1/25/10

When the sun rises again

The hardest part of writing, to me, is always the first few words. I've heard it said that in speaking, the first 30-45 seconds are crucial to capturing the audience. I believe in writing it's the first 5-10 words. Because it's the those few precious words that can capture the reader and draw them in. It's also those first few words that set the tone. They can lay a foundation for hope, or set the tone for something completely different.

If you're still reading this, then those intial words worked. Or perhaps you're still reading because you know me and you wanted to know what I find to be the most difficult aspect of what I do. Either way, thank you. And hang in there...this really is going somewhere.

The last few weeks, no...the last few months (and in some cases years) have been challenging for a lot of people close to me. Some would say it's "just life," but there have been circumstances and situations that have been especially difficult to process. Some of them avoidable; others not. But no matter who or what caused them, they are happening.

As I have faced the latest of these, something came to mind that I'd never really considered. The hardest part of facing a difficult situation, for me, is the very beginning. It's that first thunderclap that rattles me the most. It's not that the repercussions aren't hard to handle. There are lives affected, questions unanswerd and pieces scattered, left to pick up. But it's those initial moments that are the hardest, because it's then that the memory of how things "used to be" is still too fresh.
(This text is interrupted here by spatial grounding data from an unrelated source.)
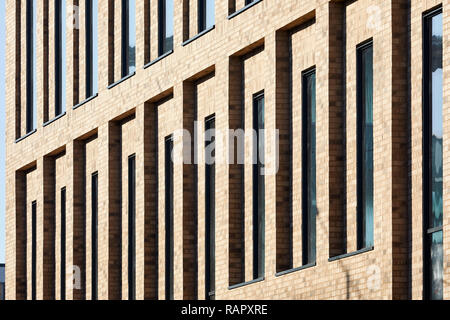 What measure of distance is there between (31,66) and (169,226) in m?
10.5

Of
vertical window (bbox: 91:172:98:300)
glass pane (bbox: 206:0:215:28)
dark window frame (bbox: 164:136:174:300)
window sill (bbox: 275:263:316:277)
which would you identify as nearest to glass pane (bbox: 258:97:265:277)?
window sill (bbox: 275:263:316:277)

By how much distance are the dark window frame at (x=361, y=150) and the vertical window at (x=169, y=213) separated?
8.37m

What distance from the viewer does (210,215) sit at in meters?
34.0

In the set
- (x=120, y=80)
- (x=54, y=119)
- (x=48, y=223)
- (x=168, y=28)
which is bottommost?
(x=48, y=223)

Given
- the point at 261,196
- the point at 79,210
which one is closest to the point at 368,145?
the point at 261,196

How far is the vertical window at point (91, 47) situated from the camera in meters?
40.2

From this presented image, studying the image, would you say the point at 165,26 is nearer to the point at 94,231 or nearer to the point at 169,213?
the point at 169,213

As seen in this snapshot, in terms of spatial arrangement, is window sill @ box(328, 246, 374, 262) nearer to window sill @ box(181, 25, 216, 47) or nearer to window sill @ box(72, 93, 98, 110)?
window sill @ box(181, 25, 216, 47)

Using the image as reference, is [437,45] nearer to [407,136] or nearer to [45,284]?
[407,136]

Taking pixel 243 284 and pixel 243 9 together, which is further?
pixel 243 9

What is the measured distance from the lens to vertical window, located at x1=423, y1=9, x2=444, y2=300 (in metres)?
25.8

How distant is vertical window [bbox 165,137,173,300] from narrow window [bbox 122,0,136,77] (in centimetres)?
280

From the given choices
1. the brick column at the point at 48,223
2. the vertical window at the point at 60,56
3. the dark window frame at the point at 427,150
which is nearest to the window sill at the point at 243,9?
the dark window frame at the point at 427,150

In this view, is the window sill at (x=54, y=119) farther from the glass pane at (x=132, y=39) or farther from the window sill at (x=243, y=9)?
the window sill at (x=243, y=9) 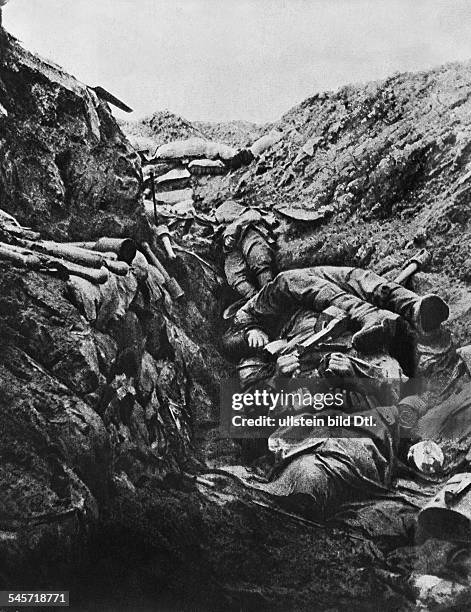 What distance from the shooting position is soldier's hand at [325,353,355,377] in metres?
14.5

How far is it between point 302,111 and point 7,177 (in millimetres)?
4296

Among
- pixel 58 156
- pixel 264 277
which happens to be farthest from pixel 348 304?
pixel 58 156

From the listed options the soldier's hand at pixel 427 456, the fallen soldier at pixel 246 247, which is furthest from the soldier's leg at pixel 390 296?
the soldier's hand at pixel 427 456

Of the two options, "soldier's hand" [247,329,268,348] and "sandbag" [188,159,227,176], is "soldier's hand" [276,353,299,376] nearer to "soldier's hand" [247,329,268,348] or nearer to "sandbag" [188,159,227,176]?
"soldier's hand" [247,329,268,348]

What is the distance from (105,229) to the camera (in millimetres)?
15555

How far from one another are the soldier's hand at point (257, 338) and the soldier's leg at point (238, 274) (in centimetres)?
57

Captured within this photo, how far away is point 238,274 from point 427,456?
11.8 ft

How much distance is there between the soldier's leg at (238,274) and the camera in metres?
15.5

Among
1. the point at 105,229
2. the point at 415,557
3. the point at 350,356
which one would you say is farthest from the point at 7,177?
the point at 415,557

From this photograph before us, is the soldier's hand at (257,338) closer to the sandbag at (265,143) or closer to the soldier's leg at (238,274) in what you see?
the soldier's leg at (238,274)

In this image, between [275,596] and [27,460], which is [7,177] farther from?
[275,596] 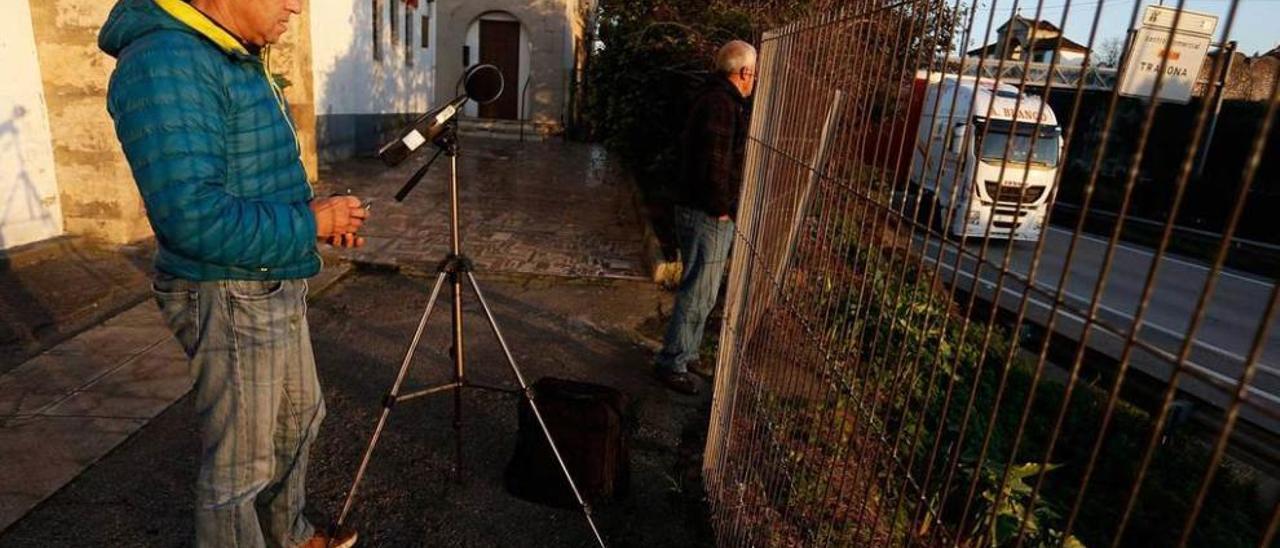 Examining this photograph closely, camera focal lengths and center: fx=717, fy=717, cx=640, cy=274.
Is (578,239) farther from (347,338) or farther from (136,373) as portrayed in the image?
(136,373)

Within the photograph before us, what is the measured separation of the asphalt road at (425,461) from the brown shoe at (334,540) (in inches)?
4.5

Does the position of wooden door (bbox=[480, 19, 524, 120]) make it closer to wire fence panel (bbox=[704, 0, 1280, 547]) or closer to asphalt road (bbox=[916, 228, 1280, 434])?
asphalt road (bbox=[916, 228, 1280, 434])

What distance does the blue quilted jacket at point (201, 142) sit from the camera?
1.62 meters

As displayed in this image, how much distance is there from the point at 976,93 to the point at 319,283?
17.7 ft

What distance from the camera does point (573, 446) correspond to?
3020 millimetres

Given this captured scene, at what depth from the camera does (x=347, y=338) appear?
4.82 meters

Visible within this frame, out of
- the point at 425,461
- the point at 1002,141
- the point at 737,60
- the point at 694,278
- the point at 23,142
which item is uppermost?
the point at 737,60

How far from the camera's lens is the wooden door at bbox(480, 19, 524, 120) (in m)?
20.4

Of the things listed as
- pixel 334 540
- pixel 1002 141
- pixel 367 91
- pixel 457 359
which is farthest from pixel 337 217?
pixel 367 91

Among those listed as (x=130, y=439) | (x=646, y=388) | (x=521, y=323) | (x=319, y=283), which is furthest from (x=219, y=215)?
(x=319, y=283)

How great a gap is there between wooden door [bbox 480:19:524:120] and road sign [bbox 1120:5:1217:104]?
20.4 meters

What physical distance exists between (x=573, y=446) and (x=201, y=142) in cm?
186

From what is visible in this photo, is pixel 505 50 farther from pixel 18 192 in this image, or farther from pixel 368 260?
pixel 18 192

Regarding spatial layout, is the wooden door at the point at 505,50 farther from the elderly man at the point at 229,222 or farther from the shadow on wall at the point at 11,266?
the elderly man at the point at 229,222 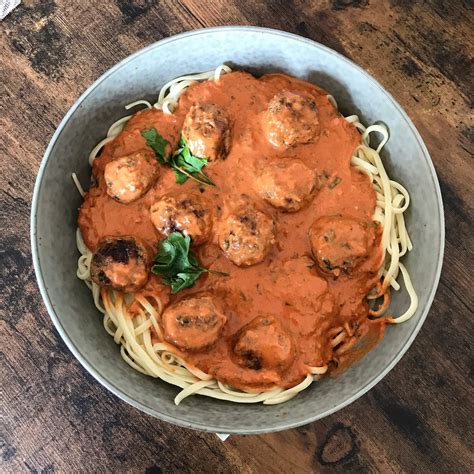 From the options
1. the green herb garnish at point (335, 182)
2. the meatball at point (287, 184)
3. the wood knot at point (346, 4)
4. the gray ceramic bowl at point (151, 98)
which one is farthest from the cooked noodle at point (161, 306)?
the wood knot at point (346, 4)

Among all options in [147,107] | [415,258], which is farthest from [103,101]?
[415,258]

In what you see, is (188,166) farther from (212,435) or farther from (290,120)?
(212,435)

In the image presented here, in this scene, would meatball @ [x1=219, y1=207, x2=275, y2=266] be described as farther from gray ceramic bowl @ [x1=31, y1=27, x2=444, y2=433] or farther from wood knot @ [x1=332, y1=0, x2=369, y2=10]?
wood knot @ [x1=332, y1=0, x2=369, y2=10]

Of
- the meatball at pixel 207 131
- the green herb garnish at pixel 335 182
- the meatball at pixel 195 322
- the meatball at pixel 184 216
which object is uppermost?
the meatball at pixel 207 131

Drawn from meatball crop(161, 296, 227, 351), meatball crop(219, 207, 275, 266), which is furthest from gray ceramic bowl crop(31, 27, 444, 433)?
meatball crop(219, 207, 275, 266)

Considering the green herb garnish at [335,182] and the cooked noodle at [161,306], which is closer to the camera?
the cooked noodle at [161,306]

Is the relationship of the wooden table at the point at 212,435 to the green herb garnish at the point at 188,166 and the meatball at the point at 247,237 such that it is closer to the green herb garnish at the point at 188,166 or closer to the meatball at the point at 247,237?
the green herb garnish at the point at 188,166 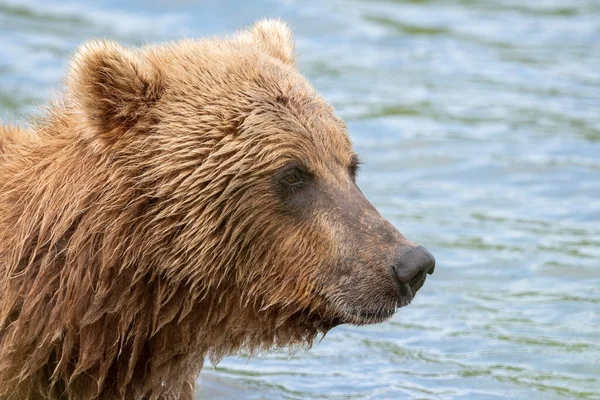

And the prospect of life taking a different direction after the storm is simply foreign.

But I've also thought about something else. It's in those initial moments that God seems the closest. Those "initial moments" might be a few days; they might be a few years. But no matter how long they are, that's when God's power, his love and his grace are most evident.

I say that because, as the situation becomes more distant; as the storm calms, I have a tendency to allow life to become the routine that can so often make God's omniscience and omnipotence seem less, well, omni. It's not that I don't recognize the fact that God is God. But I get to a point that, in my mind, even he becomes somewhat  routine.

Not any more.

I've gone through enough...let me rephrase that. He's brought me through enough that I don't want him to be routine in my life. Ever. So as I draw further from the last difficult situation and closer to the next one, I am approaching each day as the adventure it was intended to be. Because it's through adventure that I can recognize my own frailty and God's ultimate power. It's only by wathcing the thunderstorm roll in and then out again that I see the majesty of my maker and fully enjoy the peace that comes when the sun rises again.